Saturday, July 16, 2005

61* Still King in Baseball

If baseball has any sense of decency and integrity (which, on its face, makes this whole point a non-starter), Barry Bonds, Sammy Sosa, and yes, Mark McGuire's season home run numbers can remain as is - and the asterisk that once denied Roger Maris the respect he deserved as a great ball player who had an extraordinary year (because of idol worship of the Babe), would be given the designation *achieved without the assistance of performance enhancing substances." No doubt about it, Roger Maris is still the man.

In other words, he earned it. He maximized his gifts, honed his skills and matched that with the moment. And this is not about whether I'm a Yankee fan or not (and I'm not). It's about an era of the sport that has not lived up to the best of the legacy it was entrusted. But really-- Roger Maris and Mickey Mantle in the same lineup. Are you kidding me?

It's not that current ball players are bad guys. But when the records achieved by Willie Mays, Frank Robinson, Babe Ruth and Henry Aaron are shredded as they are, somebody's got to say "yea, but the game's a bit different." It truly is not the same game being played.

This weekend, Jack Nicklaus finished his professional golf career. In his mid 60's, feeling like he's no longer able to compete, he'd rather walk away than be ceremonial in the game he championed.
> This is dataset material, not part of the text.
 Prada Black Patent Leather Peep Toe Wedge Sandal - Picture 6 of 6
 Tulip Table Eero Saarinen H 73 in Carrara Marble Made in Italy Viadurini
Tiger Woods is halfway to Jack's major tournament victories. That is the record he covets more than any other. And make no mistake, Tiger is a phenom. But Jack is the first to say that the game is not the same as it was in his time. Equipment is different. Courses are different. The game is much more about power than creative finesse as it was then. Still a great game to watch, just different. And as dominant as Tiger can be in today's game, even if Tiger surpasses Jack's record, to think that Jack was second in 19 of the majors he didn't win bespeaks a level of skill in a game the likes of which we'll not see again. And while we honor what was, it really is o.k. to move on. I think that's Jack's witness in letting go.

So, too, can it be said of baseball (and maybe so, too, can it be said of life - what's that t-shirt say? "Baseball is Life"). Change is not bad. In fact, it is necessary. But change never forgets where it came from - and the nature of the change pays honor to the ones who went before.

And of this point there can be no doubt - honor, integrity and character must remain constant.

For without them, you cheapen the legacy left you by those who've gone before, and you've left nothing of meaning for the ones who follow you to pick up. In "churchspeak," we're called to be good stewards of what we've been given.

Like I said, Roger Maris is still the man!

2 comments:

Anonymous said...

Roger Maris is the man. And while Jimmy Dugan said that there's no crying in baseball, I don't imagine he would have ever envisioned baseball stooping lower than the dugout.

Stay off the juice, baseball.

Anonymous said...

The easy thing to do is to remove the asterisk - for all time - next to Maris' name... and add it to any of the records for Bonds, Sosa, Maguire, etc. That would probably be as much of a deterrent as any congressional investigation and (lack of) sanction it could impose. Maguire's tears when he broke Maris' record should have been tears of guilt and shame.

BTW... Bud Selig needs someone to give him a new set of jewels (his fellow owners removed them when he became commissioner). What a wimp... and how damned stupid to have baseball policed by one of its own.